Re: [PATCH] Helper callback params from Alex Rousskov on 2012-07-05 (squid-dev)

From: Alex Rousskov <rousskov_at_measurement-factory.com>
Date: Thu, 05 Jul 2012 10:23:44 -0600

On 07/05/2012 12:31 AM, Amos Jeffries wrote:
> This patch updates the helper reponse callback API from using char*
> buffer to a HelperReply object.
>
> * the helper I/O read handler is updated to parse the result code off
> the start of the helper response as is currently done for channel-ID.
> The callback handlers are altered to use the HelperReply::status instead
> of parsing it off themselves individually.
>
> * the remaining I/O read buffer is stored in a MemBuf and callbacks are
> updated to use it via the method other().
>
> * the responding helper-server is stored into the HelperReply object and
> stateful helper callbacks are combined into the same API as stateless.
> The callback handlers are updated to use HelperReply::lastserver instead
> of function parameter.
>
> After this patch the helper response format is: [channel-ID] [result]
> [blob] <terminator>
>
> The behavour changes expected from this is that all helpers are now able
> to send OK/ERR/BH states.

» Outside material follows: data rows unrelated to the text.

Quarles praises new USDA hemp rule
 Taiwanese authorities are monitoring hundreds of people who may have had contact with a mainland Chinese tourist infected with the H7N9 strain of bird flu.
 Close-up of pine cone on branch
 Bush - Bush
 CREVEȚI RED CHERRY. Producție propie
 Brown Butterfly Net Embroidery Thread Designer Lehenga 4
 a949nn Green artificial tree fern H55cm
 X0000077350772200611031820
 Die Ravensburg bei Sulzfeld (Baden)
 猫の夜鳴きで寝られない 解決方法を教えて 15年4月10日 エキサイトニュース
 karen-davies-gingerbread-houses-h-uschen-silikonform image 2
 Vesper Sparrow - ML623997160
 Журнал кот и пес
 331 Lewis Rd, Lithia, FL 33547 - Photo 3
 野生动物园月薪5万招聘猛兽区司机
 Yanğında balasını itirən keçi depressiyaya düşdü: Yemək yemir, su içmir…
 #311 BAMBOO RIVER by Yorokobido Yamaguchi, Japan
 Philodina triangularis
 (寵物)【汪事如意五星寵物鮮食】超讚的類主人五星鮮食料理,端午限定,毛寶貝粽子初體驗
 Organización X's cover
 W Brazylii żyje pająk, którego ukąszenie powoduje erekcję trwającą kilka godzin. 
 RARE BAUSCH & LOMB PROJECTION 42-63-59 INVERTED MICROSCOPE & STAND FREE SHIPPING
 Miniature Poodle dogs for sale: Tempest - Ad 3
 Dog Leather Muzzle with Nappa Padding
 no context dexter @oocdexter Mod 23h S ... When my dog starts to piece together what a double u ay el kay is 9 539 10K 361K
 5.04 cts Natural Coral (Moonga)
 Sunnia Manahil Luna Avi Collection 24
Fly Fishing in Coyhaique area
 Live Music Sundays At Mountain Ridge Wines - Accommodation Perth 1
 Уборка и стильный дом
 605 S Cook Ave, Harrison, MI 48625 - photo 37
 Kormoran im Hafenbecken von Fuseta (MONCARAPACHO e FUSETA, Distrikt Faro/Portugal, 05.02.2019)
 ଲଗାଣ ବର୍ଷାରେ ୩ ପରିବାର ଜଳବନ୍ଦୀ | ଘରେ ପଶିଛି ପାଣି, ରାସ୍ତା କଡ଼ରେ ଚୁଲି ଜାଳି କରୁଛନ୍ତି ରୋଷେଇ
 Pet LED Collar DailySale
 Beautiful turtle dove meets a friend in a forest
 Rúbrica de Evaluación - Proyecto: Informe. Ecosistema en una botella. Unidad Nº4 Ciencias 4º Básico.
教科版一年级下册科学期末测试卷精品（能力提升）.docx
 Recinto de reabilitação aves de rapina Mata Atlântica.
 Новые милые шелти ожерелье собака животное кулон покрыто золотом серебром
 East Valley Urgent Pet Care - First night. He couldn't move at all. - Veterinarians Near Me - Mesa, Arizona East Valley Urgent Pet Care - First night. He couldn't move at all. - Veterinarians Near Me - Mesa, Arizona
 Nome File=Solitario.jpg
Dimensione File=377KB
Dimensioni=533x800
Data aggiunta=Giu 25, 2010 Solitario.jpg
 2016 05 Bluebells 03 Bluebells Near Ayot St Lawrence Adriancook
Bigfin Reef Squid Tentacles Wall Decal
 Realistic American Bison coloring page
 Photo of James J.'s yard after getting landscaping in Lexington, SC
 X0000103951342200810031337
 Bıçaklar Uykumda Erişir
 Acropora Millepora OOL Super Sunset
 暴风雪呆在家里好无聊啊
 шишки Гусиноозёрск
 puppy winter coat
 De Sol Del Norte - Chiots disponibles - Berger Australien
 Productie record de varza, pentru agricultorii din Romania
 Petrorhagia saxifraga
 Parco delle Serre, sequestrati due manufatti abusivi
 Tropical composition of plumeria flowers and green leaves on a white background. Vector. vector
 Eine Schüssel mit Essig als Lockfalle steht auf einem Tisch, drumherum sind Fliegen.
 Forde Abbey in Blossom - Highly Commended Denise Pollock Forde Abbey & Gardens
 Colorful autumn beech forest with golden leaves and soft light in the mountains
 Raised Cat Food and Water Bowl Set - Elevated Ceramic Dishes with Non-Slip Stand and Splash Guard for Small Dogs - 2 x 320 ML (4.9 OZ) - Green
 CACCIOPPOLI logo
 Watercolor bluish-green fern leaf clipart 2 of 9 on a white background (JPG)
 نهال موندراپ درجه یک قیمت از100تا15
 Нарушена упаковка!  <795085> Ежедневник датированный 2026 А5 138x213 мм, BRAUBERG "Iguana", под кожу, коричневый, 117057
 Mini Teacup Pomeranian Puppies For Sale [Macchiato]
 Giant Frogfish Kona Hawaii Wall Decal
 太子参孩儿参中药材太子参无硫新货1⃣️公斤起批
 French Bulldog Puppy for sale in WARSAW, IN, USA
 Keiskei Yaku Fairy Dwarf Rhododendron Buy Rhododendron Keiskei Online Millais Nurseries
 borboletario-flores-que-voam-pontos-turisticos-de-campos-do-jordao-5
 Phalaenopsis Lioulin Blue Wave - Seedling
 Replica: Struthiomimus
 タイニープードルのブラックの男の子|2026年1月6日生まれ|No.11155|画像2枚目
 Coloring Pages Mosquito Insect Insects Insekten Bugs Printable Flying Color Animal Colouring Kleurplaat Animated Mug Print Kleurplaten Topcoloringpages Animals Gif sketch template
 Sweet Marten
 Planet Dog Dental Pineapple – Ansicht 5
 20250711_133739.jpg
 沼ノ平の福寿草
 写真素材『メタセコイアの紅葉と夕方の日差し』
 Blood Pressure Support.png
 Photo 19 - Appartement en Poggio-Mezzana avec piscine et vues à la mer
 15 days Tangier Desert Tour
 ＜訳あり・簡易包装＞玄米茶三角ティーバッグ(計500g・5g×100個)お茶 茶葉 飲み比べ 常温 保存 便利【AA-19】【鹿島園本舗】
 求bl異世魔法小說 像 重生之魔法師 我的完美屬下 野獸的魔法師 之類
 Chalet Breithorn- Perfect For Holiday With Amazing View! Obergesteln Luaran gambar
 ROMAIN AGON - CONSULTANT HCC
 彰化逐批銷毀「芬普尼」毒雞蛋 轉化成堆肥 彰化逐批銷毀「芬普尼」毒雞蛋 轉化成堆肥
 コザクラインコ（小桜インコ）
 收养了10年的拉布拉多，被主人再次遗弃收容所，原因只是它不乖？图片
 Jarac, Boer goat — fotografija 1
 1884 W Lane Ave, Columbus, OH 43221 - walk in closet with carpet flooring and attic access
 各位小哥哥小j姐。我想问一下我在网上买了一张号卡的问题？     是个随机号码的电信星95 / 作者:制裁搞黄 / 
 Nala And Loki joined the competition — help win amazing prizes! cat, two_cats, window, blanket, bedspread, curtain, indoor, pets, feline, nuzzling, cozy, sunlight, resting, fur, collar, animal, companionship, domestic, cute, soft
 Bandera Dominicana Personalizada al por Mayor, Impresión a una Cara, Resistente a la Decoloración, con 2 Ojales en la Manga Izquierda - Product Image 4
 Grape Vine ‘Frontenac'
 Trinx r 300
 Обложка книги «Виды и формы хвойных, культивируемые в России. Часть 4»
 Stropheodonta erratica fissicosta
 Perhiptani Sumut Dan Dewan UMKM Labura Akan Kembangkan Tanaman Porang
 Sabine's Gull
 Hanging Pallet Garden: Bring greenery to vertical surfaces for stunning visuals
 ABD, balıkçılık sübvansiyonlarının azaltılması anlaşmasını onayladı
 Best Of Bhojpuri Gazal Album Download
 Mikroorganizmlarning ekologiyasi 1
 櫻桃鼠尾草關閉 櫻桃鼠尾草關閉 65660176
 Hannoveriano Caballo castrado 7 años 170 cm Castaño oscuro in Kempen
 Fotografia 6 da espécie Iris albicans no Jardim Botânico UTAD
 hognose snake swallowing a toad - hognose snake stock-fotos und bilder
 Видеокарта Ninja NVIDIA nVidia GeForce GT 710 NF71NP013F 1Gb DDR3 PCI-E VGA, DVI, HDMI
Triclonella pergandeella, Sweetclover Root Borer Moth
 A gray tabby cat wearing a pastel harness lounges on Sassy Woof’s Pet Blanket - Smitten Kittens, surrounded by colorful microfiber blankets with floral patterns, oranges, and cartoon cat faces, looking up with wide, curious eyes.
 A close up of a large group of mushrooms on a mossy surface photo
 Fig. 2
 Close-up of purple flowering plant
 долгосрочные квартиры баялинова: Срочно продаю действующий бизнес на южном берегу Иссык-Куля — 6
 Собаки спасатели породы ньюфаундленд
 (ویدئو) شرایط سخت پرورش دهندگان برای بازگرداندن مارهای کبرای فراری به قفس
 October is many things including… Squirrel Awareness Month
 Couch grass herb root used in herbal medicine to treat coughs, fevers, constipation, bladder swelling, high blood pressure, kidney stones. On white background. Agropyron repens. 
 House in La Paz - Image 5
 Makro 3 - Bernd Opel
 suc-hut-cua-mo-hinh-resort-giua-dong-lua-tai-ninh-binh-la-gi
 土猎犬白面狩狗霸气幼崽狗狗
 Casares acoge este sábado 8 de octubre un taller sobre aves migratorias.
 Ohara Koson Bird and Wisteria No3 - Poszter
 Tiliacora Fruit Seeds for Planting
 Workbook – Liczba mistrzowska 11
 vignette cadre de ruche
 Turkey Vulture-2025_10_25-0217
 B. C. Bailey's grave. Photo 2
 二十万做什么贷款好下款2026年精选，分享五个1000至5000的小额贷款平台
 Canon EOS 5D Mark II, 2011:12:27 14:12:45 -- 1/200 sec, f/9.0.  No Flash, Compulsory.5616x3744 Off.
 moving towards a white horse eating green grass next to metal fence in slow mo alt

Although the handlers for some helpers will
> deal with the new states as unknown response. None of the bundled
> helpers have been altered to make use of this changed potential.
>
> TODO:
> * implement key=value parser for the blob area of the format, and update
> handlers to use the HelperReply API to retrieve them.

> + HelperReply(); // not defined

Do not declare it if you do not need it. However, I think it would be
best to actually define it and then move parsing from a constructor to a
method so that helper-specific reply code can be called during parsing
(via virtual methods).

> + HelperReply(const HelperReply &); // not defined

Either

* Make private so that its usage is caught at compile time rather than
at linking time. Please also add an undefined assignment operator.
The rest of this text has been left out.